Tuesday, June 28, 2011

Summer Breeze

I recently read a blog post about scent and memory. When I think about these two things my brain seems to have a favorite connection.

We were campers when it came to summer vacation. I'm told I was taken camping as an infant, sleeping in a sleeping bag my grandmother made for me out of a baby blanket. I can still remember all the steps involved in establishing our home away from home; find the site, back the camper in, unhitch, level it, unlatch the four corners, crank up the center, pull out the beds, and snap the canvas top all the way around. (We had a fancier camper that didn't require snapping, later, but the old camper with the snaps and the bug-eye brake lights is the one that is affixed in my mind.) Once our campsite was established and we'd scoped out its relation to the bathrooms, it was time to walk the loop and check out the campground; to peek at motorcycles in shy admiration, to strain to hear guitars (before I could play one myself),to feel pity for the people in giant RV's,their TVs visible through the screen doors (because they weren't REALLY camping), to look for distinct landmarks that would make nighttime navigation to our site easier. Once my compass was set at two sites past the red water pump near the people with the plastic tiki lights on their canopy, I'd return to ours and sit listening to the ring of stakes being pounded in the ground echoing off the canopy of trees, or to the fascinating rill of languages other than my own.

Camping was great for a lot of reasons. I got to spend a week with my Dad. I can still see him showing me how to light a gas lantern, how carefully he tied the mantles and added pressure to the tank. I can smell its ignition and hear it quietly seething while we dealt Uno cards or listened to stories. (A note to veteran dads: war stories make even the woods of West Virginia scary. Choose carefully.) We always did a lot of learning and exploring. Museums, caverns, historical sites, if it was there, we'd see it. And even in my kid brain I was fascinated by the idea that a campground was a community, a temporary and ever changing one, a place to live for a few days that would never ever be exactly the same again. (The sort of musing that no doubt kept my nose in a book and sharpened my vocabulary but made me hopeless at projectile sports.)

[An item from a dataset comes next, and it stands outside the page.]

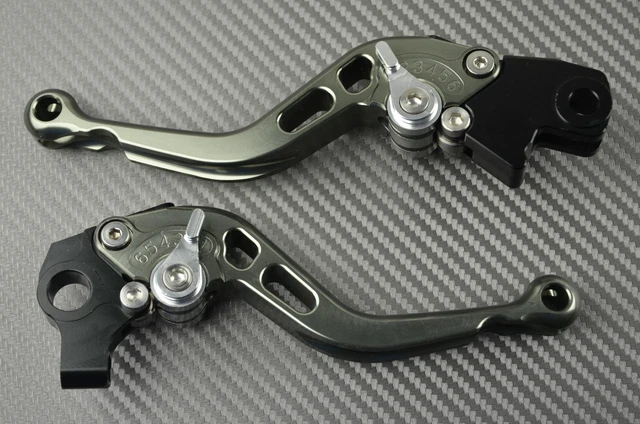 Paire De Leviers De Frein Courts CNC Noir Pour Honda Forza 125 - Frein Avant Et Arrière - Neufs Sous Emballage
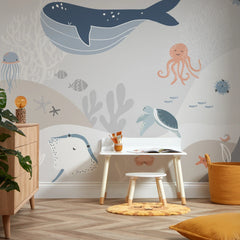Under The Sea Full Wall Mural in Neutrals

What brings all of this to me in vivid detail? A bar of Dial soap. I can open the package and I am eight years old, crunching down a gravel road, staring at my feet in green flip flops in the halo of light created by a silver flashlight with a red shade. I am retreating from the cinderblock shower building where we scrubbed off the day's dirt and bug repellent, ready to tuck in to my bed and listen to the snap of campfire wood and the murmur of conversation. Long before adult struggles and champion-level anxiety interfered with sleep, before "What if" became a weapon instead of a toy. At 41, I want that clean and simple peace back. Maybe the answer lies in that fascination with ever-changing community, the shifting and temporary sand of where we are, and who we are. We aren't working toward a permanence, a secure place where absolutely everything is exactly how we'd like it. Every permutation, every step along the loop has its own beauty. We can't always be two sites past the red water pump. But what we can do is hang our tiki lights, light a welcoming fire, and play a little music.

Sunday, June 19, 2011

The Big Man Joins The Band

Clarence Anicholas Clemons, Jr. 
January 11, 1942 – June 18, 2011
Its like this. Its like church.
I've only had the opportunity to see the E Street Band once. My seats were so high in the place that I was looking for those little dangling oxygen masks they have on airplanes. It didn't matter. Everyone sang. Everyone. I've never been to a concert where the arena was so full of love. Love for the music, love for the musician.

I know I've talked before about music and how every bit of music I love soundtracks some part of my life. I can listen to an album and tell you exactly where I lived when I first heard it, how old I was, whether I had a Walkman or a simple tape recorder or a CD player, but when it comes to Bruce Springsteen, it goes a little deeper. I can tell you exactly where I was in 1982 when I finally got my own copy of The River (so I no longer had to sneak my sister's double album into my room when she wasn't home to play on my portable record player), I can tell you that I was in the car driving past the place where I took guitar lessons when I was pulling the shrink wrap off the cassette. And I can tell you that I played it until it broke, to be replaced later by a CD. Born in the USA was the very first CD I ever owned. I'd stay up late to tape interviews and rare B Sides, wait for broadcasts of janky, informal concerts at the Stone Pony. I even recorded the station ID Bruce did for Philadelphia's WMMR. I learned 85 of Bruce's songs.

Its frustrating to try and explain how much this music means to me. I'd lay on my bed with headphones on, listening and pulling it all apart; the gorgeous piano. The story that was being told. I got lost in the pictures being painted. And like a gold thread running through it all, that saxophone. It could sashay loud and sassy through a fun song or wail, disconsolate, through a sad one. I loved the songs and I loved that the band seemed like a family. A family that invited us, the fans, to celebrate, to laugh, even to cry with them. Which is what I feel like doing today.

Thank you, Mr. Clemons, for being part of the music that made my childhood. I will miss you.